Sharansky fu scambiato con il comunista cileno Corvalan e potè raggiungere la terra dei suoi padri, finalmente libero. In Israele mantenne il suo impegno personale, anche di fronte a quella enorme immigrazione di più di un milione di ebrei russi che di lì a poco sarebbe riuscita a raggiungere lo Stato ebraico. Per difendere i loro interessi fondò un partito, fu eletto deputato alla Knesset, e divenne un politico israeliano a pieno titolo. Ma non dimenticò le sue origini, non dimenticò che la libertà va conquistata abbattendo la dittatura, non dialogandoci, non venendo a compromessi. Elaborò una sua teoria che, con il passare degli anni, lo portò sempre più vicino alla politica interventista di George W.Bush. Vivendo in Israele, Sharansky si era reso conto che con il terrorismo non si viene a patti, che i dittatori vanno sconfitti e non vagamente sgridati o blanditi come si è sempre usato in Europa e in Usa sotto la presidenza Clinton. Che avesse ragione lo dimostra la guerra di liberazione dell’Iraq. Buttato giù Saddam Hussein, l’effetto onda lunga sta dando i suoi frutti in tutta la regione. La Siria si è ritirata dal Libano e lo stesso Assad traballa sul suo scranno, sente che i nodi stanno venendo al pettine. L’Iran, in mano oggi ad un governo che non è eccessivo definire guerrafondaio, sa che non si trova davanti a un’America tiepida ma ad un governo deciso a non fare più sconti come avveniva in passato. L’Iraq poi, pur colpito da un feroce terrorismo, dimostra ogni giorno la sua volontà di arrivare ad un regime che cominci ad assomigliare ad una democrazia. Gli stessi venti che, più o meno fortemente, cominciano a soffiare negli altri stati della regione.
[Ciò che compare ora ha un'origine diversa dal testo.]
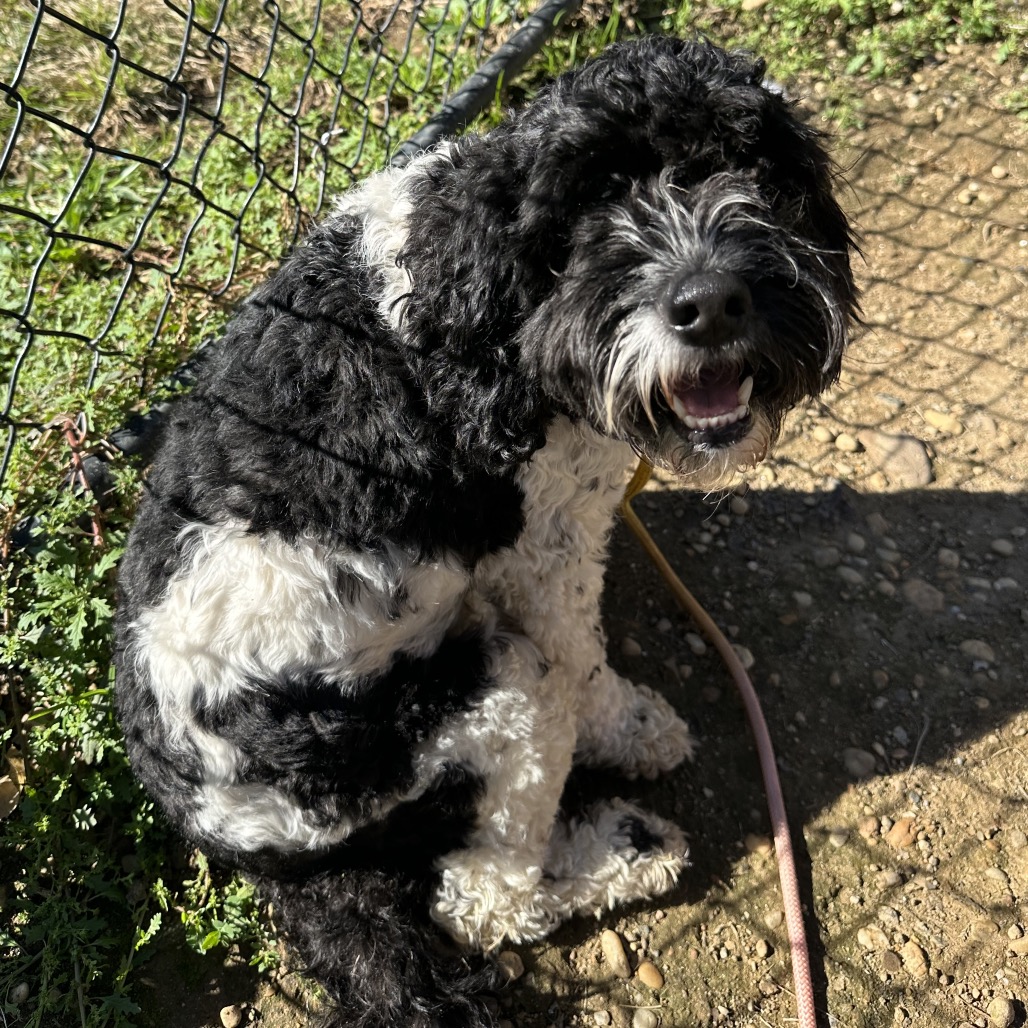 Shelter Stray Male Dog last seen , Animal Care & Control Team of Philly, 111 W Hunting Park Ave, Philadelphia, PA 19140, USA
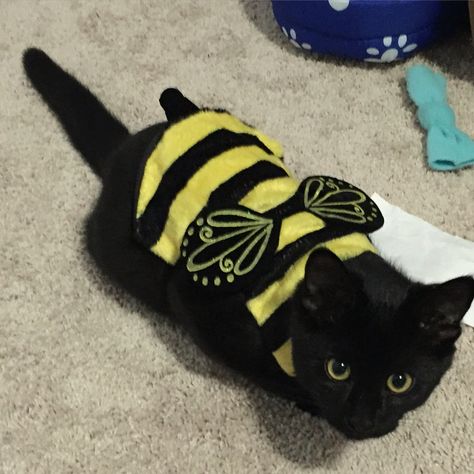 Cat In Bee Costume, Cat Pfp Halloween, Pfp Matching Halloween, Warrior Cats Halloween, Halloween Cats Wallpaper, Black Cat Halloween Costume, Cat Bee, Halloween Kitty, Beachy Art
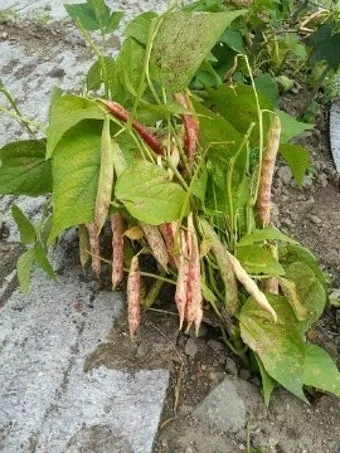 강낭콩 재배 파종 간격 잡초 억제 멀칭 요령_31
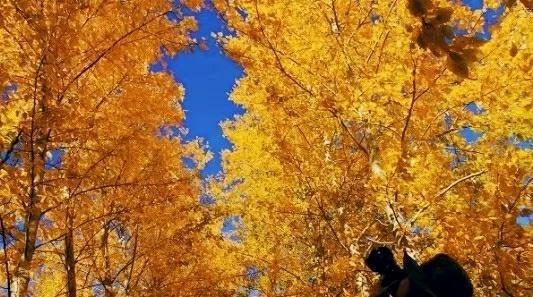 呼倫貝爾秋季旅游攻略_呼倫貝爾秋季旅游線路_秋季攻略呼倫貝爾旅游路線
Chi non apprezza il falco Sharansky lo accusa di ritenere le soluzioni troppo semplici. Se tutto fosse così facile, come lui descrive la conquista della democrazia, la diplomazia sarebbe una scienza esatta e non un’arte. Niente di più falso. Sharansky non sottovalutà le difficoltà che le democrazie hanno nel combattere le dittature. Sharansky, come lo definisce Fiamma Nirenstein nella prefazione, è "un profeta, non gli interessa l’arte del possibile ma l’arte della giustizia. E i profeti non vengono mai a portare pace o, almeno, non nell’immediato".



"In difesa della democrazia" è la storia di un ebreo russo diventato israeliano, una vita segnata da una profonda lotta per la libertà, che racconta le vicissitudini di un uomo onesto che per le proprie idee si è persino dimesso dal governo Sharon perché non era d’accordo sull’abbandono di Gaza ai palestinesi. Percorre il libro anche una storia d’amore, quella con Avital, sua moglie, che gli è sempre stata accanto, nella Russia sovietica dell’oppressione e nella terrà della libertà, Israele.